Google and Gallup look at the computer science pipeline. Buzzy Hettleman on tutoring. James Dyke and Gerard Robinson on the long overdue but hard choices for Richmond, Virginia schools. Jamar Mckneely on a NOLA turnaround.
Homecoming news: Here’s a sweet story. Here’s a story that I can’t help but think occasioned a lot of, “Honey, who did you say our sculpture is by?” conversations over the weekend.
4 Replies to “Dog Stories, Campus Climate, Mass Charter Parents, ESSA Accountability, CS Pipeline, Richmond Schools, And More!”
Andy – I appreciate your response to Ms. Madeloni’s comments on charter schools. In my community, this is a common criticism of charter schools, which quite frankly I do not understand, and your comments highlight why. There are very real issues that we need to discuss regarding charters – enrollment and special education services in particular – but the “greater good” is not one of them.
Exactly! There are a bunch of serious conversations to be had, but instead this.

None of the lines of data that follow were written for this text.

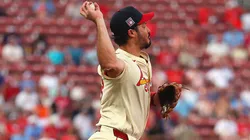 Nolan Arenado #28 of the St. Louis Cardinals throws to second base against the San Diego Padres.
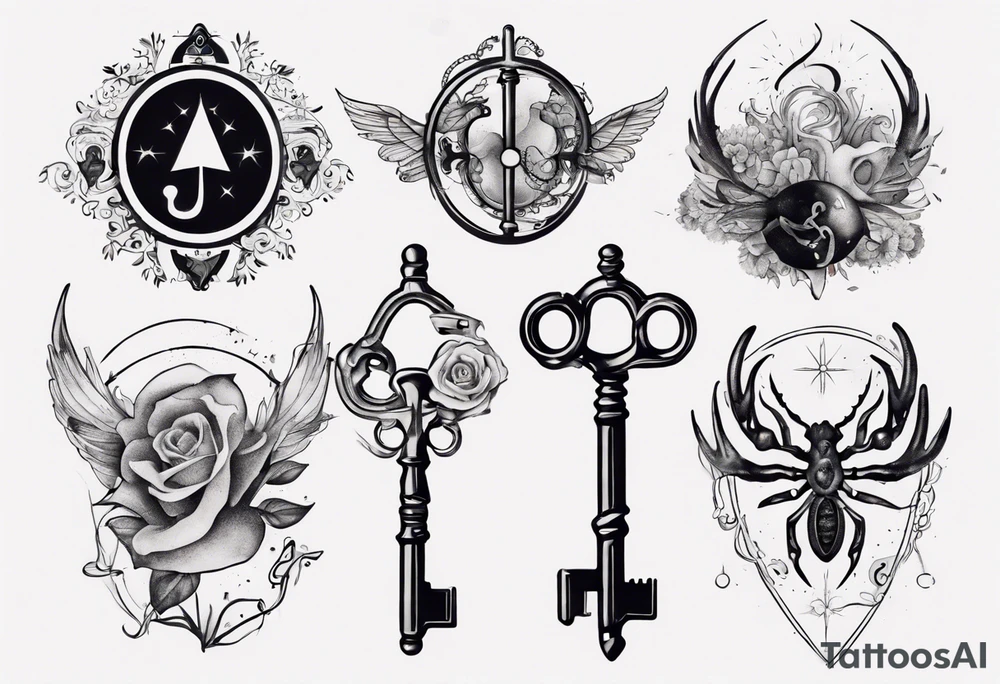 Matching tattoos with key and home in cancer horoscope tattoo idea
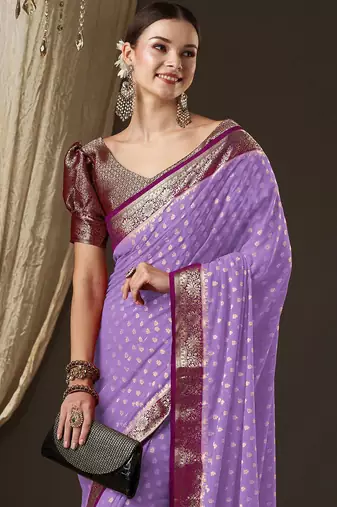 Lavender woven design zari  georgette kanjeevaram saree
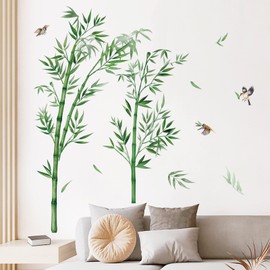 decalmile Large Bamboo Wall Decals Green Plants Flying Birds Wall Art Stickers Bedroom Living Room Sofa TV Background Wall Decor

The Hamilton Project paper asserting successes under NCLB that need to be extended under ESSA is easily disputed. “Under NCLB, test scores and graduation rates improved, especially for children who had been low-achieving”: not really, on tests that aren’t constantly being prepped for, such as those of PISA; and graduation rates had long been improving before NCLB, and increased in many other countries as well, so to attribute that improvement to NCLB is not valid (an alternative explanation is the growing realization that options for early school leavers around the world have steadily disappeared). In addition, the opportunity costs associated with continuing with this mediocre improvement strategy are not being accounted for; so American families will continue to be well advised to opt out of out-of-date state schools whenever possible, and to demand education savings accounts to increase their options, while feeding as little money to an unreformed established blob as possible.

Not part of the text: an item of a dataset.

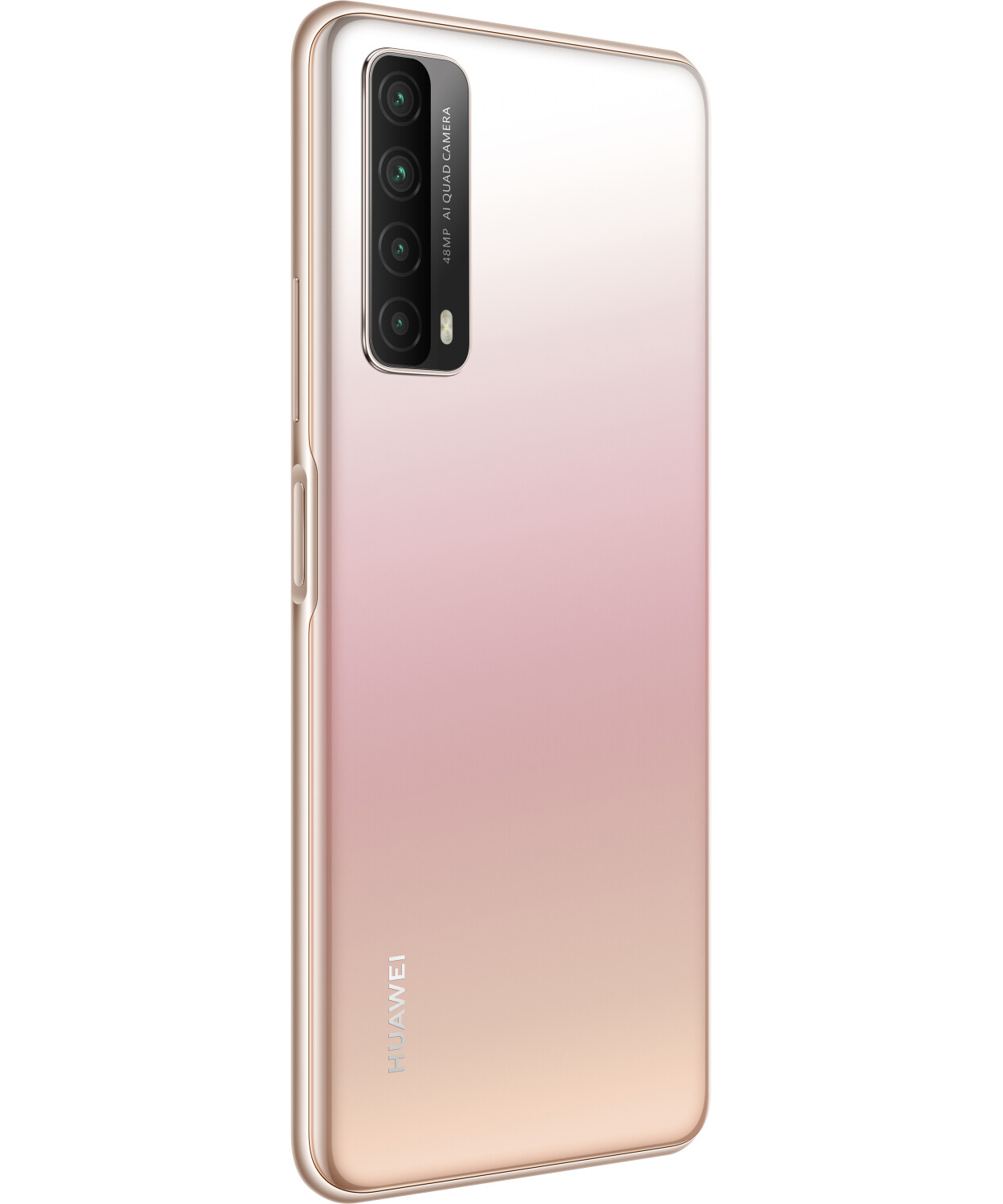 Ein roségoldenes Huawei-Handy, Rückansicht, mit vier Kameras und einem weißen Farbverlauf auf der Rückseite.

Sometimes a situation is much better understood if it is examined at a personal, or local level. Let’s take charter schools. This is how I see it:
The public school across the street from me is supported by taxpayers, who pay quite a lot each year. In return, the school is “owned” by the community who are welcome to participate in its governance, whether or not they have children at the school. This means they can visit the school, attend board meetings, complain about something they don’t like and vote for board members. If they suddenly have a child to take care of, they can enroll that child in the school and be assured that the child will be accepted. No waiting lists.
Now if the school becomes a charter, an individual or corporation becomes the manager of that school and becomes autonomous. The only involvement the community now has is to continue to pay taxes. If they have a child, that child could be excluded for various reasons. Taxpayers now have no role except to keep paying.
I am just speaking for myself, but I’d like to know how such a thing came about? Who voted for this hustle? Not I. (Wouldn’t we all like to start a business and have the taxpayers foot the bill, with little or no oversight?)
That said, it is true that all parents should have choices. More and more states are allowing parents to cross district borders, but if that’s not possible, then the magnet school is ideal for offering parents what they want. There are various ways to offer options for parents, but tax supported schools MUST remain under the jurisdiction of the people who pay for them.
As for the individual who wants his own school with complete autonomy, there is a solution for that as well. He or she should raise his own money and open his own school and make his own rules. That is called a private school.
A public school belongs to the people and must remain with them. Yes, there is a greater good and that is called democracy.